Silence is often seen as the easy option when dealing with difficult situations—especially when those situations involve people. An overbearing mother-in-law, a difficult neighbour, someone else’s naughty child… But what about when the person involved is a colleague? A colleague who is well known for inappropriate comments, “jokes,” and rumoured to be “a bit overfamiliar”?

There’s no denying that addressing these individuals can feel awkward. It can lead to worries about making a situation worse, damaging professional relationships, or risking your personal reputation. But what is the cost of not speaking up?

An Uncomfortable Truth

Staying silent when faced with sexual misconduct protects the perpetrators. These individuals are often in positions of power—whether through their professional roles or social capital. Challenging them can feel especially daunting when they’re embedded within the healthcare system.

The NHS, though often criticised for its logistical failings, is fiercely defended as one of the foundations of our society. Free healthcare for all is a source of national pride, and many feel its reputation must be safeguarded at all costs. More specifically, the staff are what keep the NHS running—so their reputation is, too often, protected above all else.

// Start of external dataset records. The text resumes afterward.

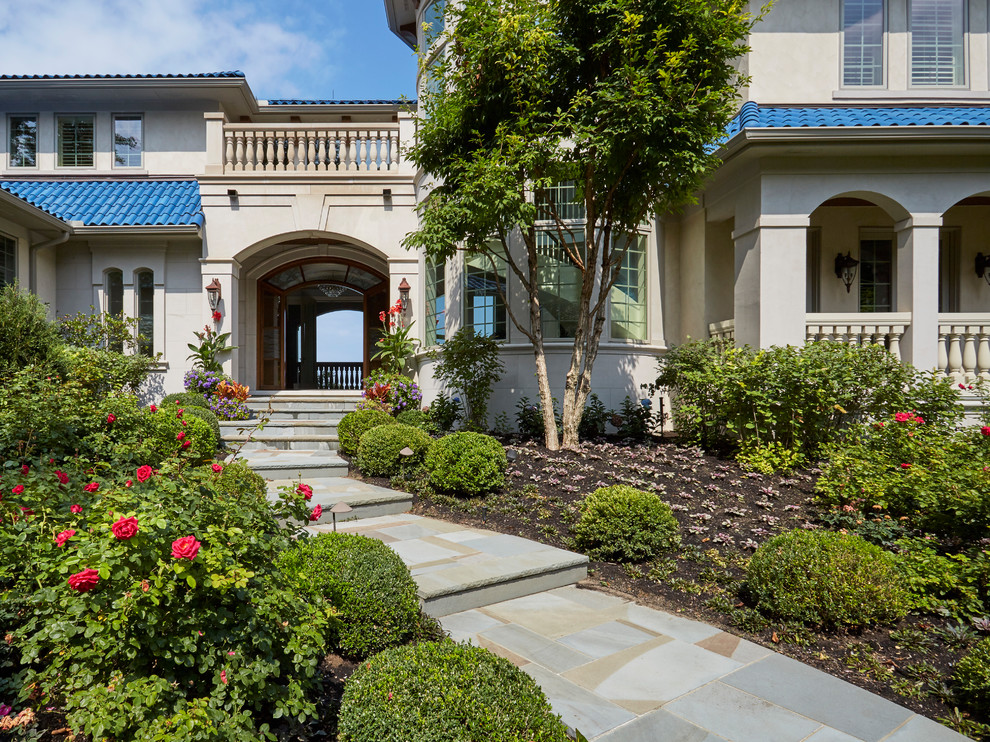 Inspiration for a huge mediterranean full sun front yard stone garden path in Chicago for summer.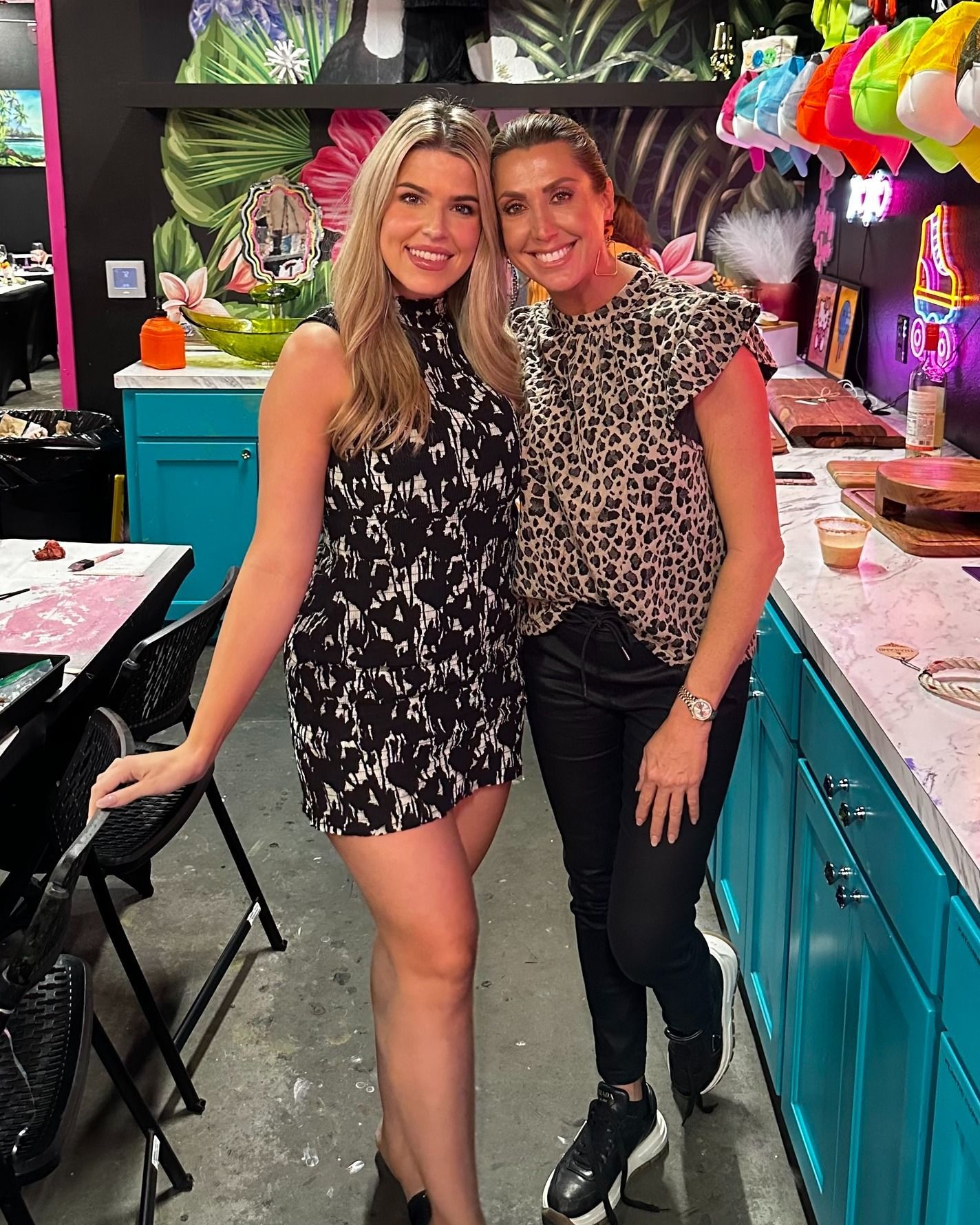 Two women smiling and posing in a colorful salon with teal cabinets and bright decor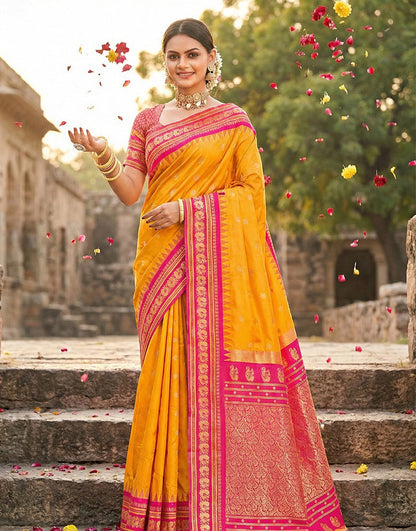 Monjolika Fashion Mustard Banarasi Silk Blend Saree with Rani Pink Zari Border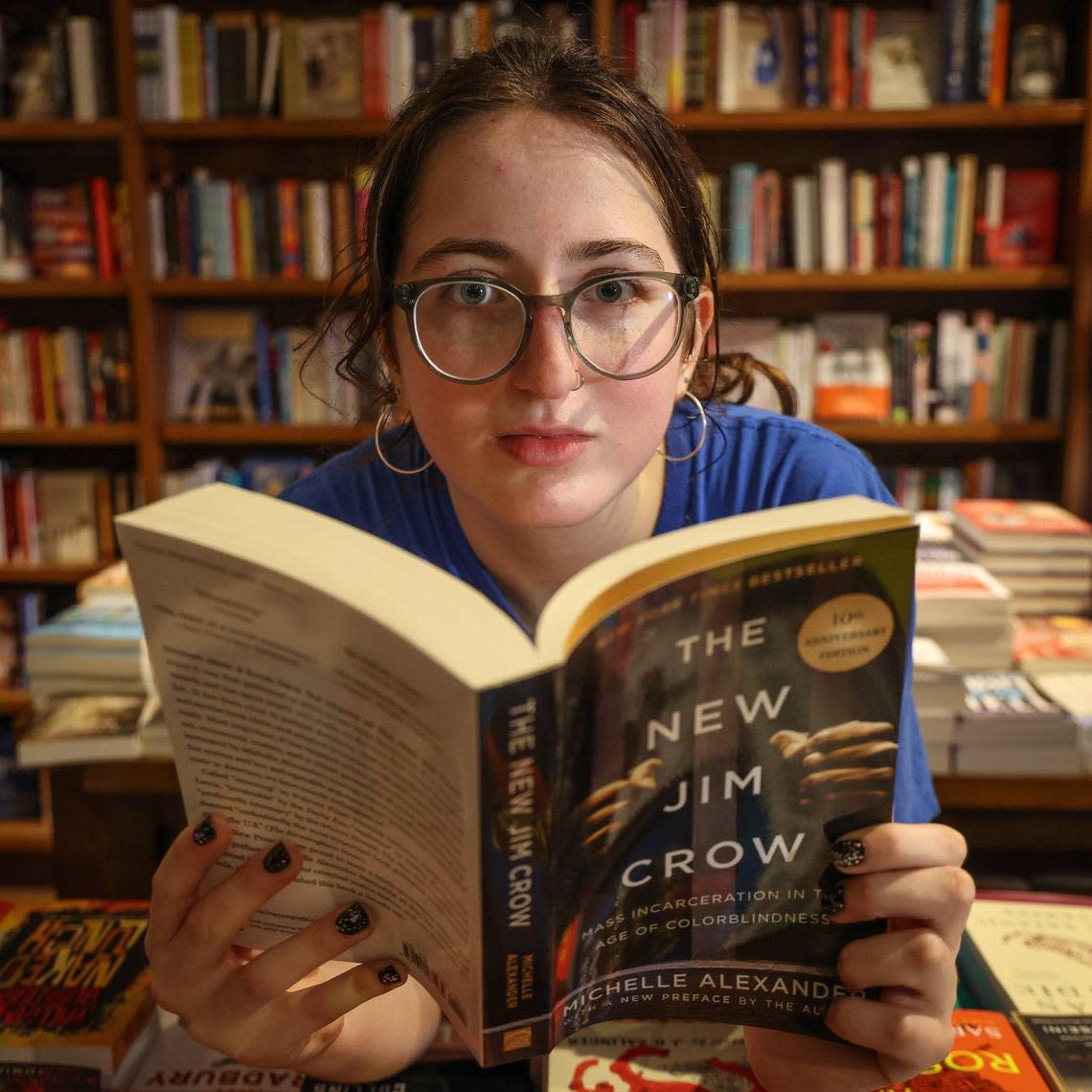 Iris Mogul, a high school student who started a banned books club, is photographed with one of her favorite books during the “Walk for Freadom” kickoff event on Sunday, October 1, 2023 in Coral Gables, Florida. The march began at the Coral Gables Congregational United Church of Christ and ended at Books & Books.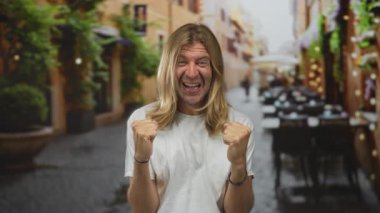 Sarışın, uzun saçlı bir adam kaldırım taşı caddesindeki açık büfe masalarının önünde yumruklarını sıkıyor. Zafer..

But despite how the media may portray us, NHS staff are not heroes, nor are we ungrateful “money-grabbers” [see any recent coverage of junior doctor strikes]. We are fallible human beings. That means we have the capacity to care and make meaningful connections—but also to make mistakes. And yes, unfortunately, that means there are “bad apples” among us.

Silence as Self-Protection

In healthcare, there is a clear message: speaking up against the tolerated culture of sexual misconduct comes at a cost. Whistleblowers are sidelined, discredited, and often made to feel like they are the problem. The stories on our website show this happening again and again.

We’ve also received testimonies describing how NHS trusts and other healthcare employers try to protect their own reputations—or that of the alleged perpetrator—by downplaying abuse, dismissing complaints as “misunderstandings,” or using language that minimises harm. These are classic examples of institutional gaslighting: reframing truth-telling as exaggeration or disloyalty.

These processes don’t just fail those who speak out—they actively retraumatise them. So is it any wonder so many survivors choose silence?

Individual Responsibility for the Collective

This is why everyone in healthcare needs to speak up. Because every time a comment is brushed off, a boundary crossed, or harm witnessed without a response, it reinforces a culture where abuse continues—and where survivors are blamed for “making a fuss.”

The more we talk about these issues—whether by calling out behaviour in the moment, or discussing it with colleagues over coffee—the more we normalise speaking up. Many hands make light work, and dismantling the damaging culture of sexual misconduct in healthcare will be much easier if we all play our part.

Change doesn’t come from policies alone. It comes when individuals take responsibility for the culture they’re part of. If we want collective safety, we need collective accountability—and that starts with each and every one of us refusing to look the other way.